It's a lot
Dhcp Failover
This version of the ISC DHCP server supports the DHCP failover protocol as documented in draft-ietf-dhc-failover-07.txt. This is not a final protocol document, and we have not done interoperability testing with other vendors' implementations of this protocol, so you must not assume that this implementation conforms to the standard. If you wish to use the failover protocol, make sure that both failover peers are running the same version of the ISC DHCP server.
The failover protocol allows two DHCP servers (and no more than two) to share a common address pool. Each server will have about half of the available IP addresses in the pool at any given time for allocation. If one server fails, the other server will continue to renew leases out of the pool, and will allocate new addresses out of the roughly half of available addresses that it had when communications with the other server were lost.
It is possible during a prolonged failure to tell the remaining server that the other server is down, in which case the remaining server will (over time) reclaim all the addresses the other server had available for allocation, and begin to reuse them. This is called putting the server into the PARTNER-DOWN state.

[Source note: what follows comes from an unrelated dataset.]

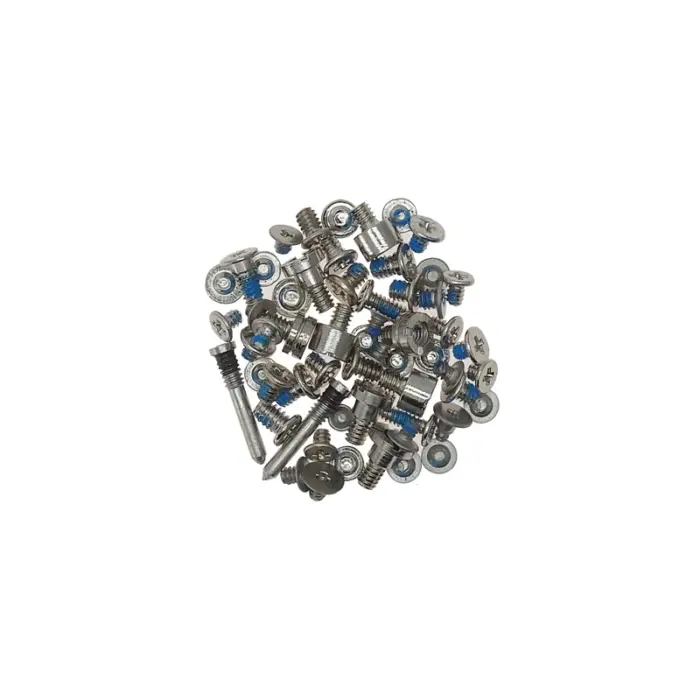 iphone-7g-7-plus-8g-8-plus-weiss (3)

You can put the server into the PARTNER-DOWN state either by using the omshell (1) command or by stopping the server, editing the last peer state declaration in the lease file, and restarting the server. If you use this last method, be sure to leave the date and time of the start of the state blank:
failover peer name state {
my state partner-down;
peer state state at date;
}
When the other server comes back online, it should automatically detect that it has been offline and request a complete update from the server that was running in the PARTNER-DOWN state, and then both servers will resume processing together.
It is possible to get into a dangerous situation: if you put one server into the PARTNER-DOWN state, and then *that* server goes down, and the other server comes back up, the other server will not know that the first server was in the PARTNER-DOWN state, and may issue addresses previously issued by the other server to different clients, resulting in IP address conflicts. Before putting a server into PARTNER-DOWN state, therefore, make sure that the other server will not restart automatically.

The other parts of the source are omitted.